AUBURN — Bo Nix knows better than anyone his place in Auburn football history.
He isn’t just a player. He’s a lifer.
The son of an Auburn man who wears his father’s number on his jersey, Nix could rattle off every Auburn coach since Shug Jordan if you asked him. So he knows what a pivotal time it is on the Plains as Auburn enters a new era under Bryan Harsin.
He also knows he could play better. And if being his own biggest critic wasn’t enough, he hears the outside criticism, too.
Still, he’s unflappable going into his junior season. And after lessons learned the hard way at Auburn, he could be a better player for the way he deals with the pressure — and a better Auburn man, too.
“I know who I am, and that’s important,” Nix said at last week’s SEC Media Days.
Nix stood up in the spotlight Thursday at SEC Media Days with all the poise of the Auburn football quarterback he’s always wanted to be. He put his teammates first like a leader, he deferred to his coaching like a listener, and he made it clear to everyone in the room that he isn’t scared of Alabama.
And when he said he knew he was, he showed his mind is made up as he enters a new season of challenges: He isn’t afraid of the moment, because he isn’t afraid of making mistakes.
“Tomorrow the sun will come up,” Nix said, pointing to his faith. “Especially after games, I can get up and I can go to church and kind of reset my life and know that, no matter what happens, football will end one day, and it’s just all about what kind of impact I can have on the lives of others.”

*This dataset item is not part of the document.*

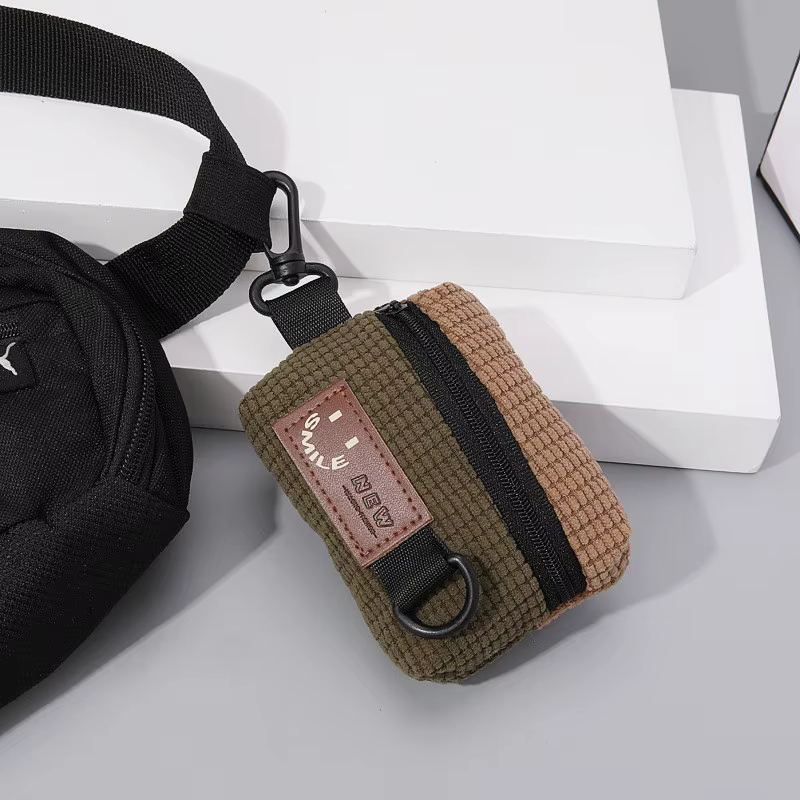 Mini pochette en velours côtelé pour clés et écouteurs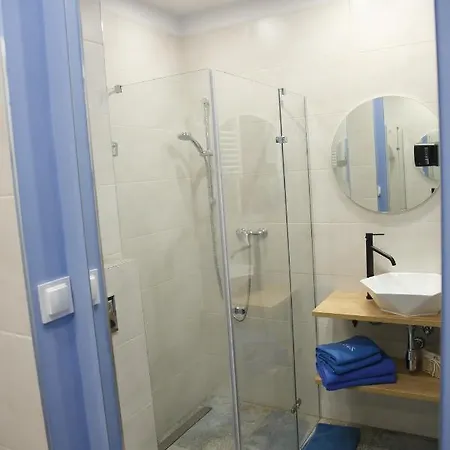 I Zacisze Lejlighed Brenna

It isn’t passive. That’s not Nix. Auburn football is in the young man’s blood.
But it’s perspective.
Nix has always dreamed of being the quarterback of the Auburn football team. It hasn’t always played out like he envisioned throwing the football around in the backyard. He didn’t imagine throwing three interceptions in The Swamp as a freshman, and he sure didn’t want to lose like he did in Tuscaloosa last fall. A coaching change happened this offseason that he didn’t expect when he signed, and Auburn brought in T.J. Finley to put the pressure on him at practice.
But criticism is inevitable, Nix has learned. He’s convinced that even if he was having that dream career, there’d still be negativity like what comes up when people talk about his play on the Plains.
“The biggest thing I’ve learned is, no matter what you do in life — you could be the most influential person in the country, you could change so many lives — but there’s always going to be that one person, more than one person, that doesn’t like what you’re doing or disagrees or thinks that you can do something better,” Nix said into the microphone in Hoover, speaking like a kid who’s gone through battles and learned from them.
“In high school, you don’t really go through that kind of stuff,” he explained. “ ... In college, I feel like no matter what side you’re on, you could get bad-mouthed and criticized. It goes with the territory. I knew coming to Auburn what I was going to face. I knew it was going to be difficult. You have to deal with certain fans across the state. So each and every time, every moment of criticism, you’ve just got to reflect on where you are and what I’m doing.
“I’m just thankful to be at Auburn.”
It’s a freeing perspective. If he can master it, he can get back to dreaming and throwing every pass without worrying about the nightmare.
Bryan Harsin in his own career on the other side of the country has picked up the same perspective — and he said in some months of knowing Nix, that Nix has responded to criticism well.
“I coached the winningest quarterback in college football, Kellen Moore, and he was criticized. He was 50-3, you know?” Harsin said. “He lost three games by seven points or less, but he still wasn’t good enough — just on and on and on with this guy. ... It’s amazing what he was able to do but still at the same time had to be extremely tough and took a lot of criticism for things that he didn’t do well because the expectations were so high.
“You’re going to be criticized,” he went on, “and you better understand how to handle that, and if it’s something that just eats you up and you can’t, it’s going to be hard for you to play at this level. He has handled it well.”